Crawled caption data
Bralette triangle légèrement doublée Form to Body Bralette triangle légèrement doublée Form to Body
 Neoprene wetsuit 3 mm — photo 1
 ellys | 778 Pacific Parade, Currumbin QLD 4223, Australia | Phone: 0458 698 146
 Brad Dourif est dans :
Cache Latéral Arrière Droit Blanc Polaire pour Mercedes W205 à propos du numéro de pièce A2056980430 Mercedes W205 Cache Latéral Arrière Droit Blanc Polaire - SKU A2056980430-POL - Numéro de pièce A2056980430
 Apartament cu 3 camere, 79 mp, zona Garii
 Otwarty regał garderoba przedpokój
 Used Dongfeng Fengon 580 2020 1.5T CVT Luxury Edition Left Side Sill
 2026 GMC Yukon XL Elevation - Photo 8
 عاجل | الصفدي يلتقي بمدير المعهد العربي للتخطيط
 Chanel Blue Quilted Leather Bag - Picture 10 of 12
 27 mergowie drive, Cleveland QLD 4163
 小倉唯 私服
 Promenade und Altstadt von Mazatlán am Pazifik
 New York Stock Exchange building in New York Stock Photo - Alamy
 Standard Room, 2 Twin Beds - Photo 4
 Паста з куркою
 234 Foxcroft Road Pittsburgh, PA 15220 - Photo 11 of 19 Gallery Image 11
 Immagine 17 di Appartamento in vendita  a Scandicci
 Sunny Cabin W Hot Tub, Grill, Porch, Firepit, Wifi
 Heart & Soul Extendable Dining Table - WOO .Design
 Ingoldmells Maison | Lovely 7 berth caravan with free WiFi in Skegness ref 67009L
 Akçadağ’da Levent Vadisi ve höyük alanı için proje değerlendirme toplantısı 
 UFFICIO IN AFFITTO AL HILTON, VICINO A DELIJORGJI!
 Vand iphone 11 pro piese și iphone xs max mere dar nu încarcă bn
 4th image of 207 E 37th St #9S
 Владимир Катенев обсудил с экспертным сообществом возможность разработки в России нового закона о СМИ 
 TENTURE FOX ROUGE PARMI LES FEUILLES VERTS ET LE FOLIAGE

# Task objective
Starting with the line that holds "234 Foxcroft Road" and ending with the line that holds "Heart & Soul", retype every line in the data above exactly, and nothing else.

# Expected answer
 234 Foxcroft Road Pittsburgh, PA 15220 - Photo 11 of 19 Gallery Image 11
 Immagine 17 di Appartamento in vendita  a Scandicci
 Sunny Cabin W Hot Tub, Grill, Porch, Firepit, Wifi
 Heart & Soul Extendable Dining Table - WOO .Design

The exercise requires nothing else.